Exercise
Your output must be the lines below from the line containing "Pack de 2 Baterías" to the line containing "Lot de 4 Chaises", both lines included, reproduced exactly and without pictures.

Supplied data
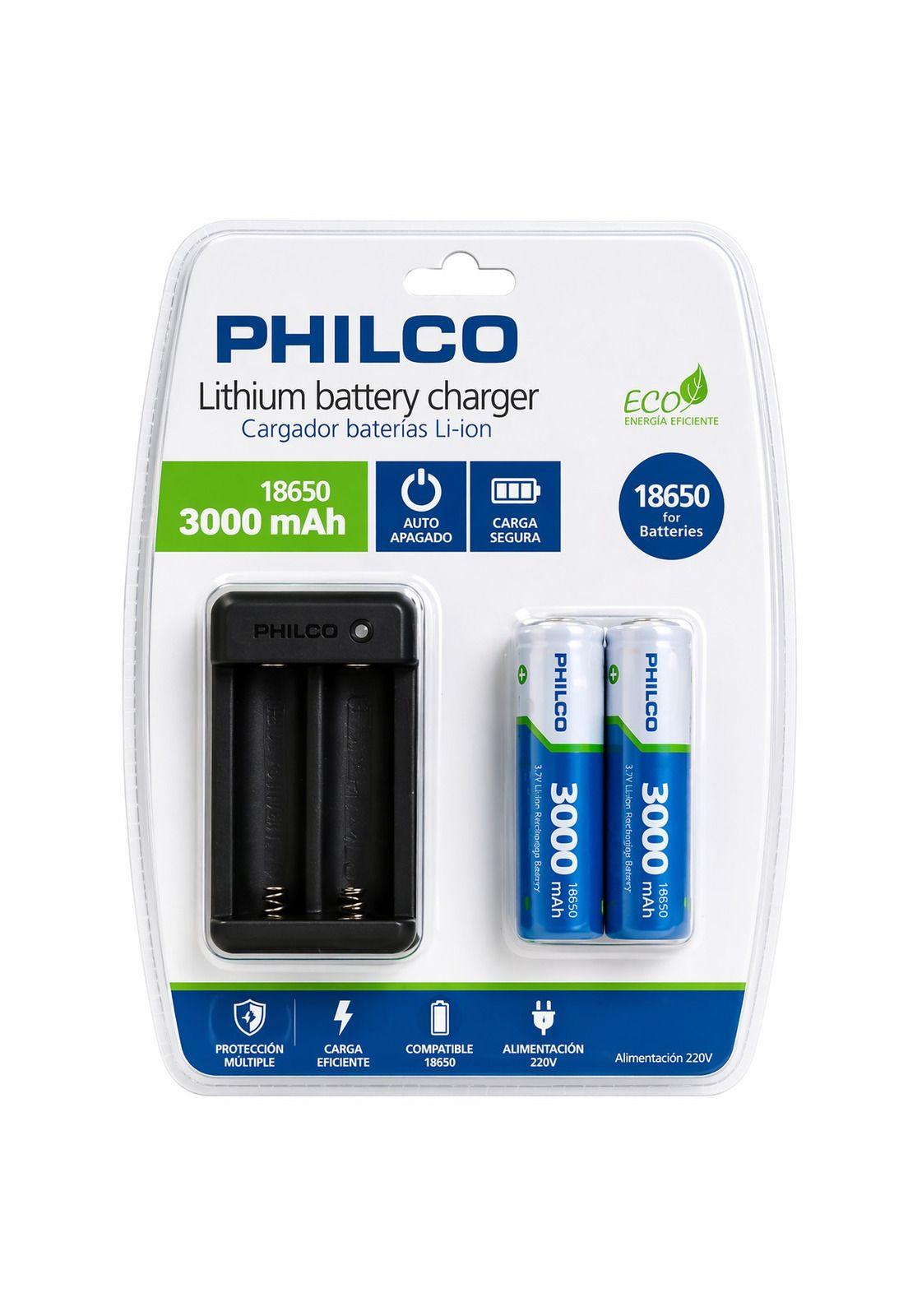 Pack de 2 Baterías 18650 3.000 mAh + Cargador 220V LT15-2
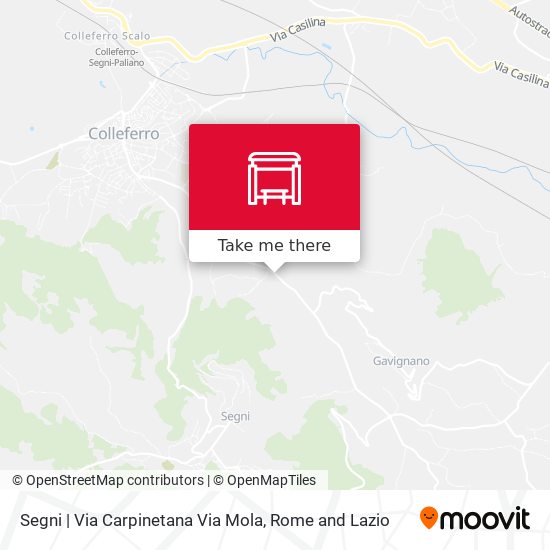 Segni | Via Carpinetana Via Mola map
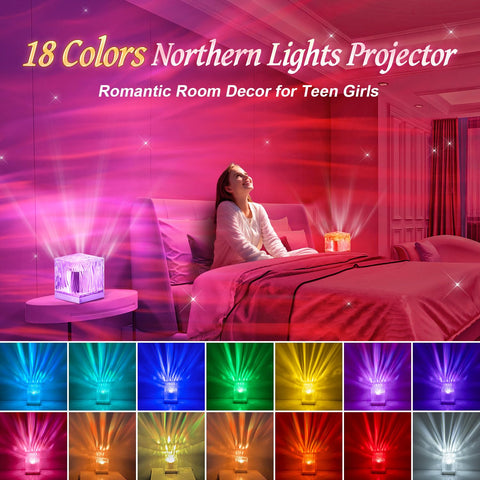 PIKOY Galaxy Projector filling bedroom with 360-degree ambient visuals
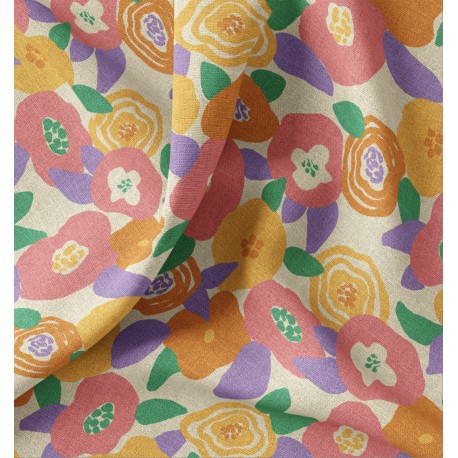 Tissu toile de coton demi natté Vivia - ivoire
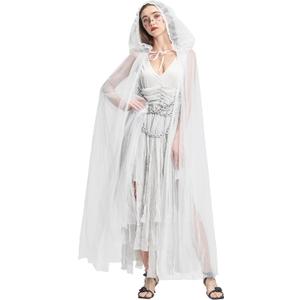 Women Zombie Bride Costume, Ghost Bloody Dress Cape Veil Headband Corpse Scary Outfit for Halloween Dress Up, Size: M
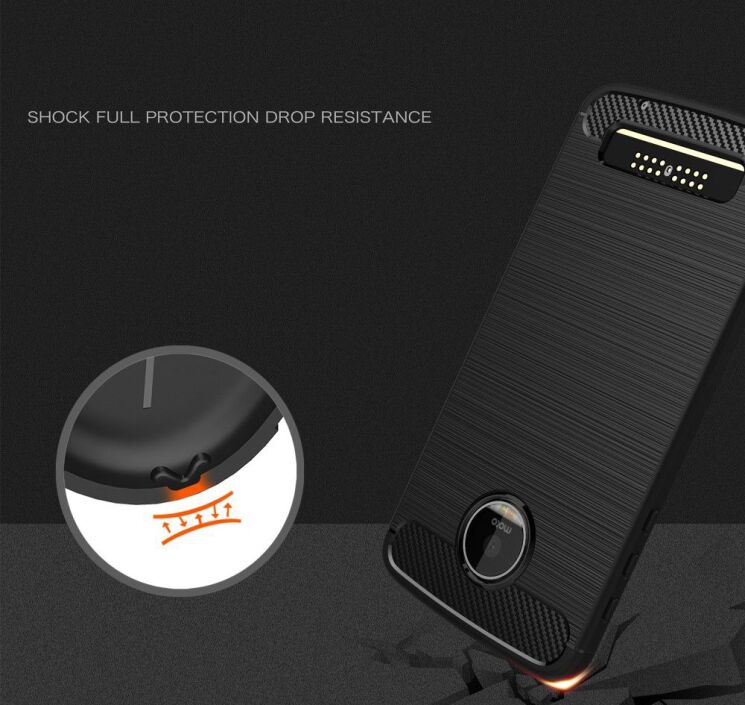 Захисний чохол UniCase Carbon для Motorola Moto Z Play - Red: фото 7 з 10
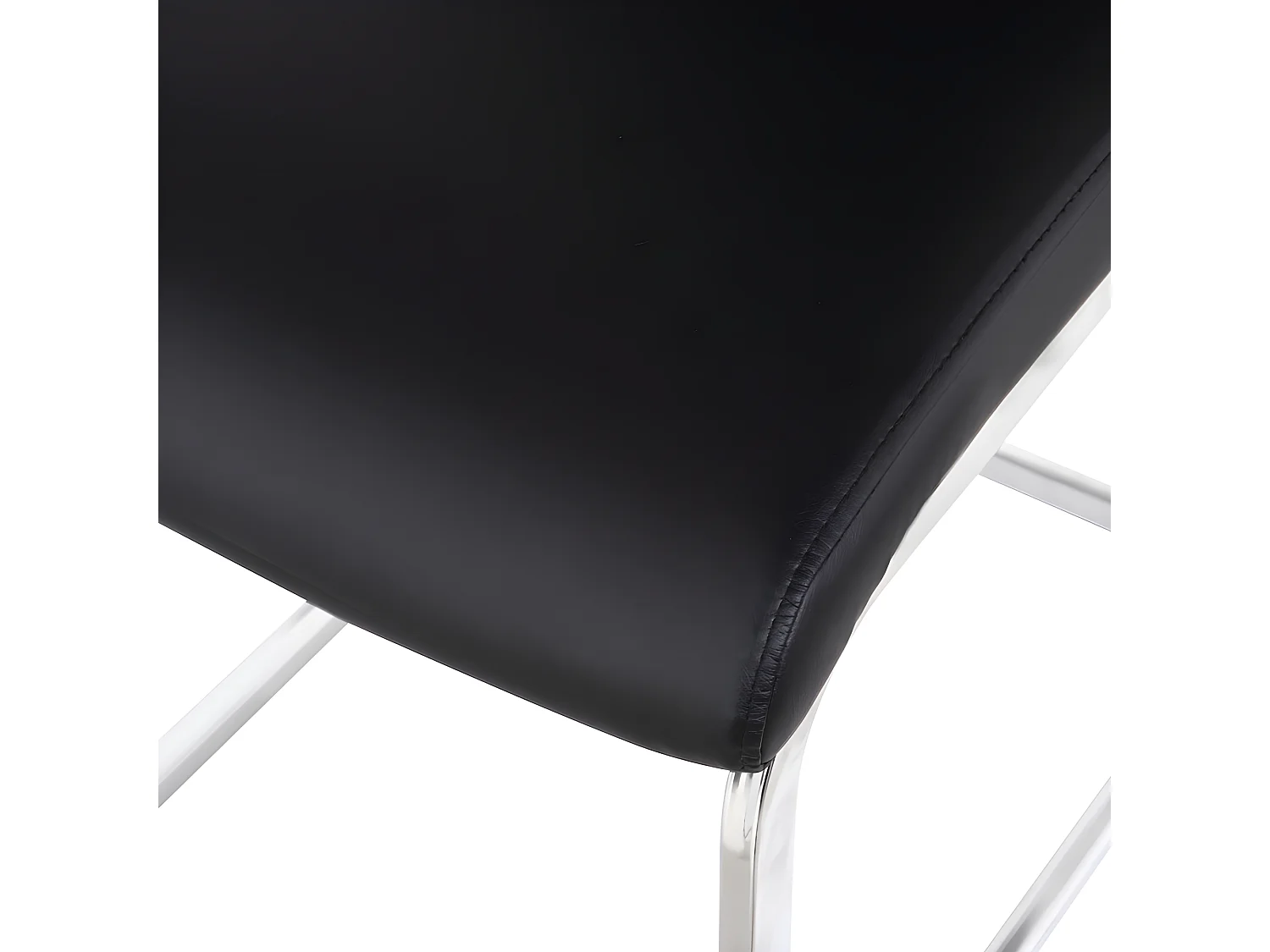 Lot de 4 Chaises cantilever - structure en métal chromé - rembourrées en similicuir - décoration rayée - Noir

--

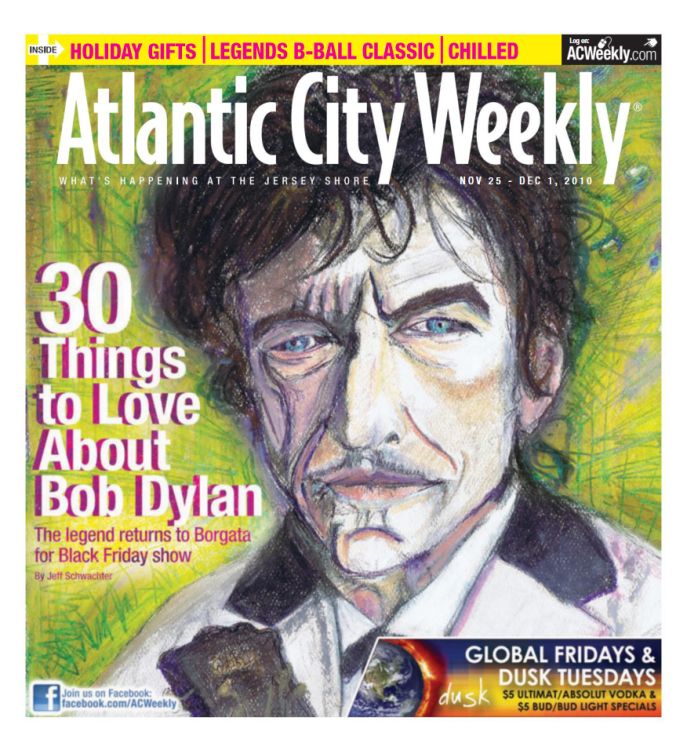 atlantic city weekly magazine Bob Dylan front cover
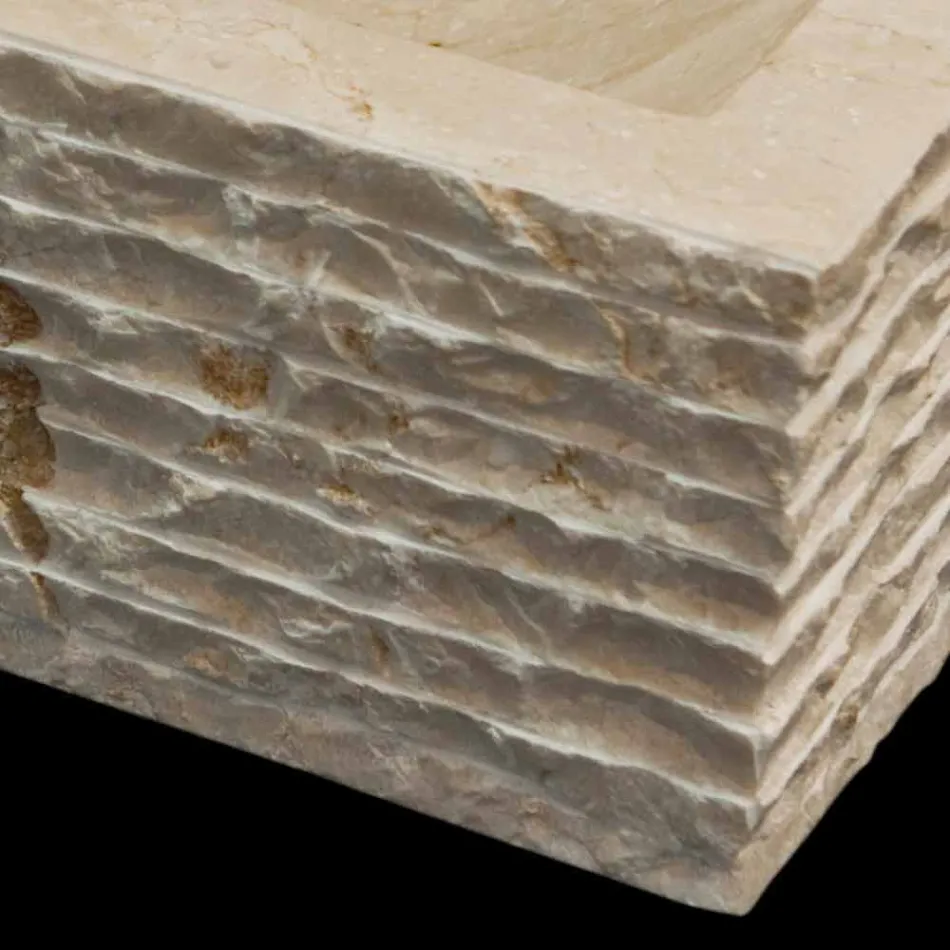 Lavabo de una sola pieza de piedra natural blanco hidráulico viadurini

Task solution
 Pack de 2 Baterías 18650 3.000 mAh + Cargador 220V LT15-2
 Segni | Via Carpinetana Via Mola map
 PIKOY Galaxy Projector filling bedroom with 360-degree ambient visuals
 Tissu toile de coton demi natté Vivia - ivoire
 Women Zombie Bride Costume, Ghost Bloody Dress Cape Veil Headband Corpse Scary Outfit for Halloween Dress Up, Size: M
 Захисний чохол UniCase Carbon для Motorola Moto Z Play - Red: фото 7 з 10
 Lot de 4 Chaises cantilever - structure en métal chromé - rembourrées en similicuir - décoration rayée - Noir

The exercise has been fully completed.